Levinson’s Life Structure Theory
Lloyd is a few months away from turning 18, and his high school graduation and 18th birthday coincide. At this point of his life, his main concern is the best way to spend his one-year vacation. As approved by his parents, he will be spending a year away from home before entering college.
Levinson mentioned that adults anticipate that life does begin at 40, which is regrettably the age when life actually ends. It must be considered that there are several articulated outlooks apparently have impacts on the society. First of all, several individuals are transitioning from adolescence to adulthood with the lack of optimism or aspiration. In the case of Lloyd, he agrees to go to college not because his parents forced him to. Neither is it because of his dream to have a college diploma someday. Rather, Lloyd agrees to spend a year vacation and enter college afterward because he perceives college graduation as something that most of his peers normally undergo. By peers, Lloyd is referring to those who have stable families like him.
What this indicates is several individuals in this entire age bracket today do not have sufficient motivation and eagerness. Today, the society in general expects that men around the age of thirty should provide both for their aging parents and their children. The incidence of an ending episode in the life of a man takes place during the midlife transition stage. More often than not, men become keen on humanitarianism acts during this stage as they become more conscious about the inevitability of death.

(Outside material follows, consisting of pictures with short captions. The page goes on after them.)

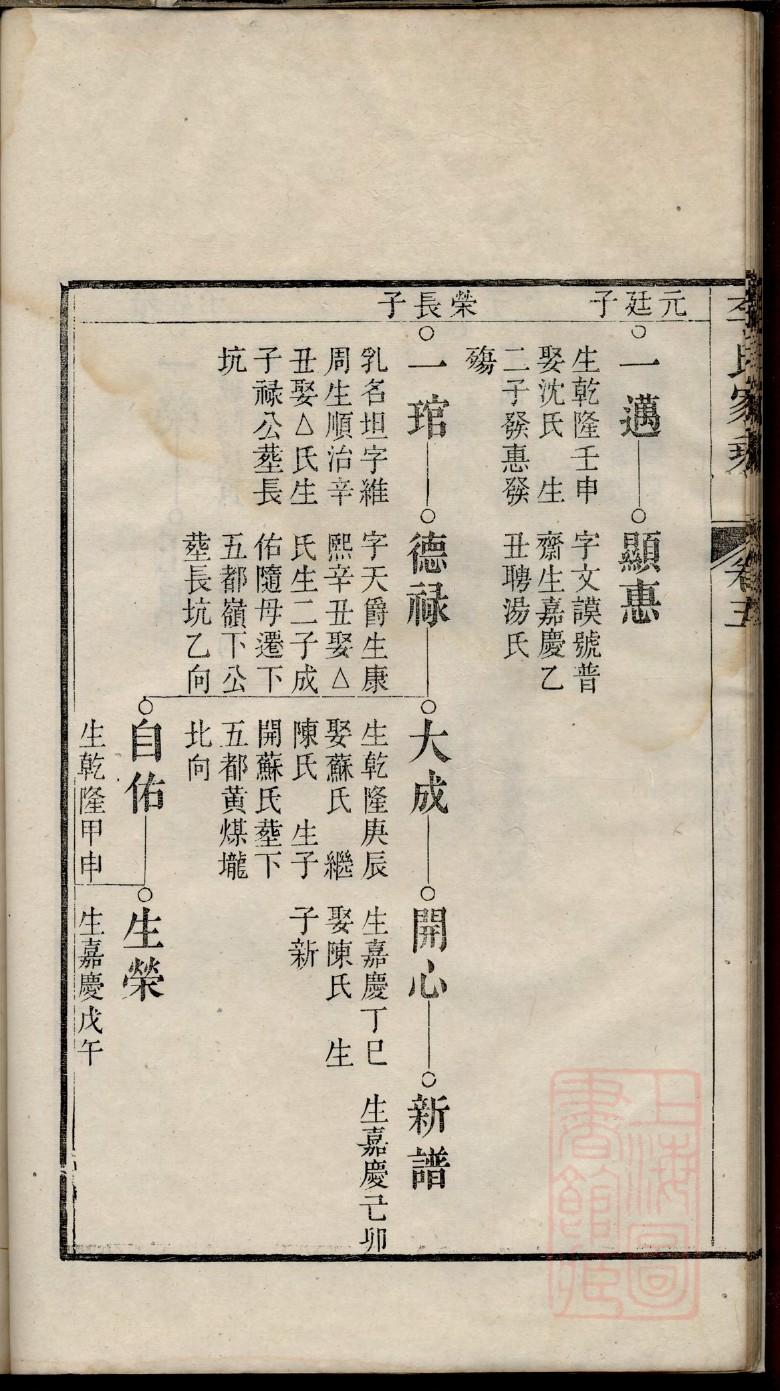 修家谱立碑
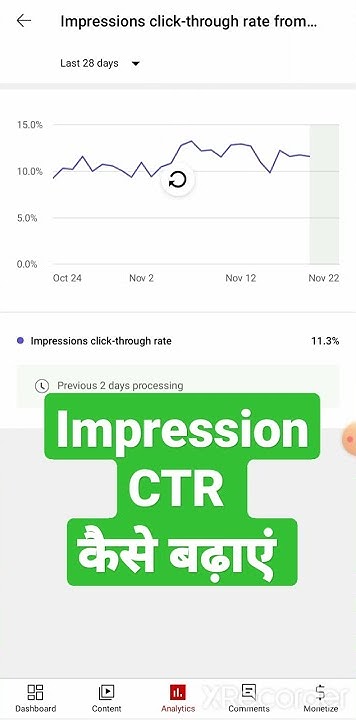Impression Click Through Rate Youtube What Is Impression In Youtube what-is-impression-in-digital-marketing-urdu-hindi-by-easy-learning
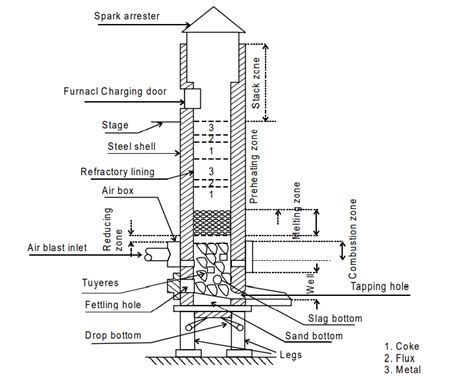 Explain the CUPOLA FURNACE.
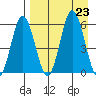 Seal Cape tide chart for Friday, August 23, 2024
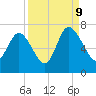 Bear River Entrance tide chart for Saturday, September 9, 2023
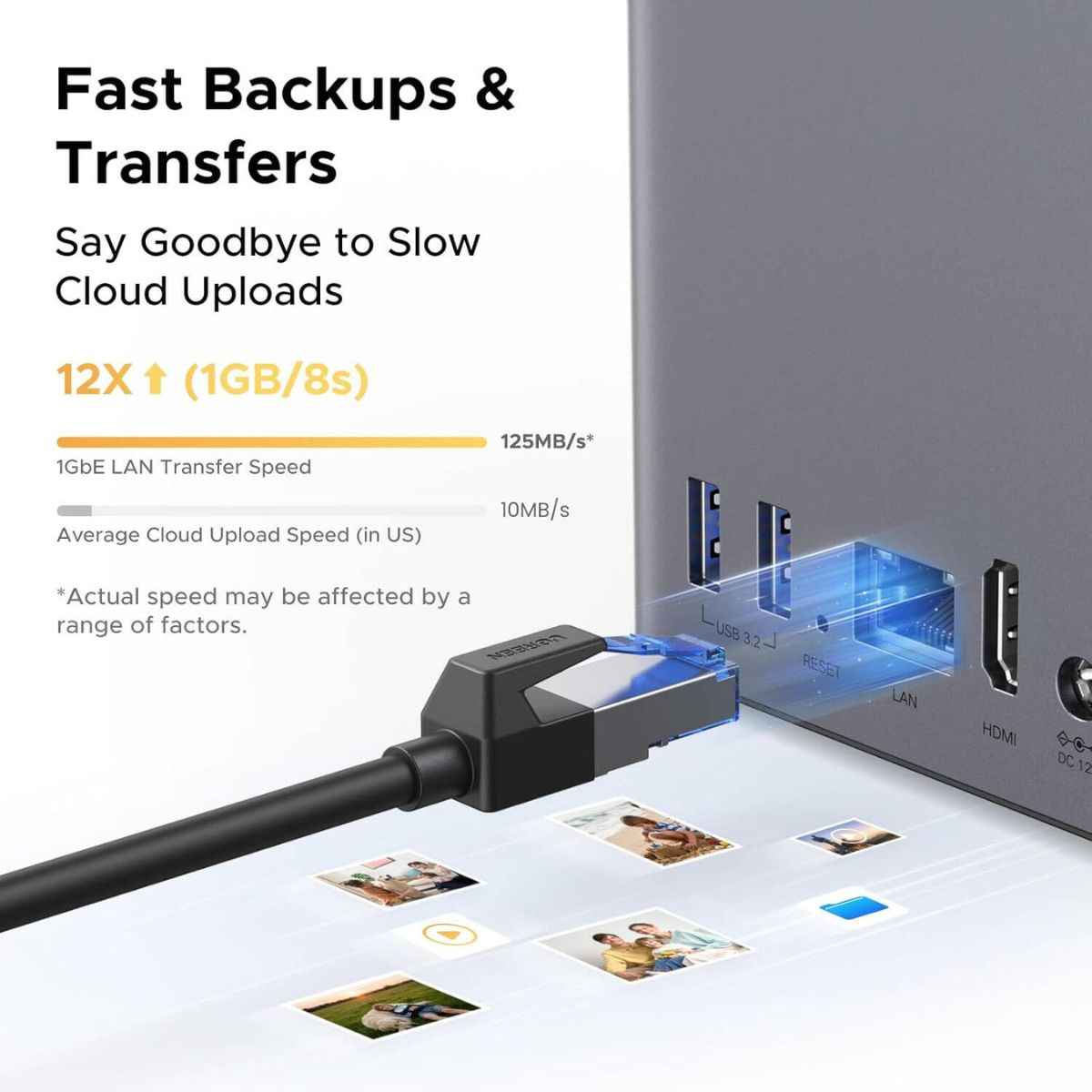 UGREEN NASync DH2300 2-Bay Desktop NAS – 60TB, AI Photo Album, 4K HDMI (Diskless)
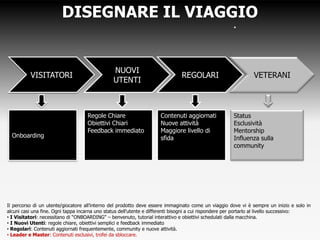 Status
Esclusività
Mentorship
Influenza sulla
community
VETERANI
Il percorso di un utente/giocatore all’interno del prodotto deve essere immaginato come un viaggio dove vi è sempre un inizio e solo in
alcuni casi una fine. Ogni tappa incarna uno status dell’utente e differenti bisogni a cui rispondere per portarlo al livello successivo:
• I Visitatori: necessitano di “ONBOARDING” – benvenuto, tutorial interattivo e obiettivi schedulati dalla macchina.
• I Nuovi Utenti: regole chiare, obiettivi semplici e feedback immediato
• Regolari: Contenuti aggiornati frequentemente, community e nuove attività.
• Leader e Master: Contenuti esclusivi, trofei da sbloccare.
DISEGNARE IL VIAGGIO
•
VISITATORI
Onboarding
Regole Chiare
Obiettivi Chiari
Feedback immediato
NUOVI
UTENTI
Contenuti aggiornati
Nuove attività
Maggiore livello di
sfida
REGOLARI
 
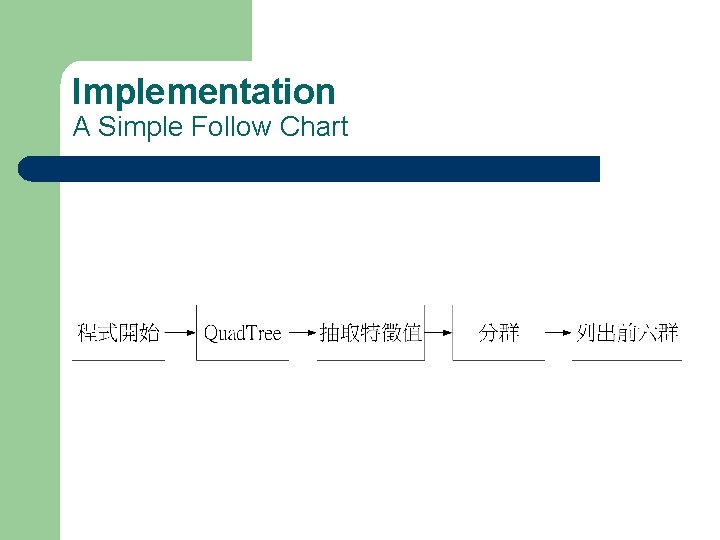 Implementation A Simple Follow Chart Implementation A Simple Follow Chart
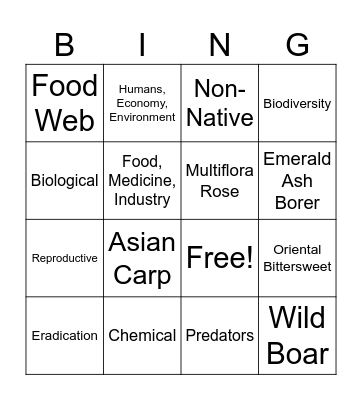 Invasive Species Bingo Card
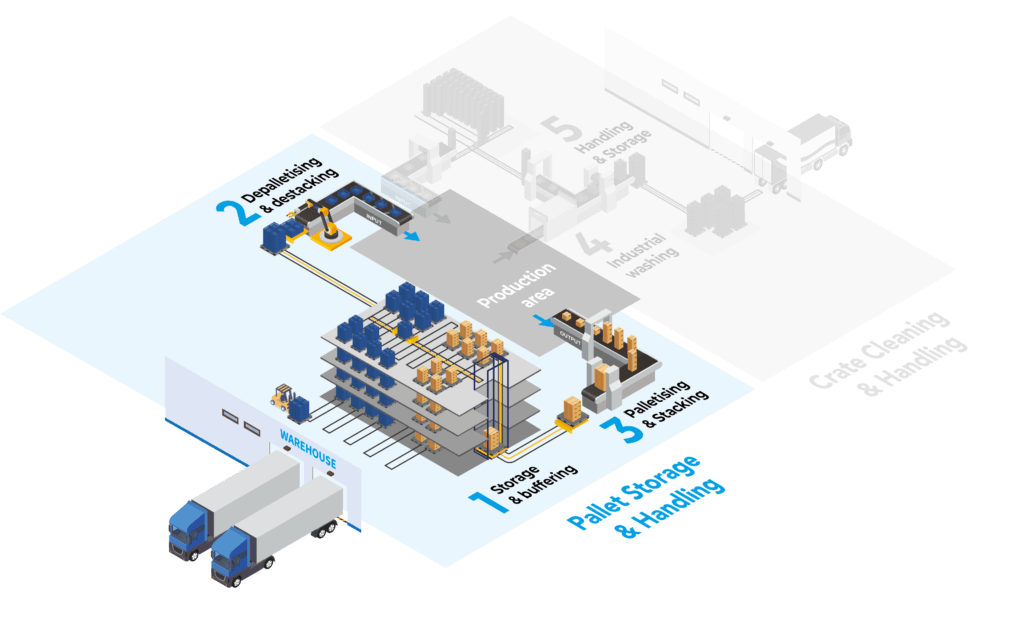 Automated Pallet Storage - Viscon Group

The core of this theory by Levinson (1996) is life structure, which is an essential pattern of human life at any particular instant. For the most part, the life structure of an individual is formed by his or her physical and social environment. The primary variables involved include family, occupation, race, religion, and status. In Lloyd’s case, it is evident that his family’s economic status and his parents’ values are key to the crucial decisions he has to make as an individual who is transitioning from adolescence to early adulthood. Lloyd personally perceives the influence of his family status to his status quo in general. He also perceives that his family’s race and religion are not strongly influential to his life decisions, considering that his condition is not similar to most people of his age.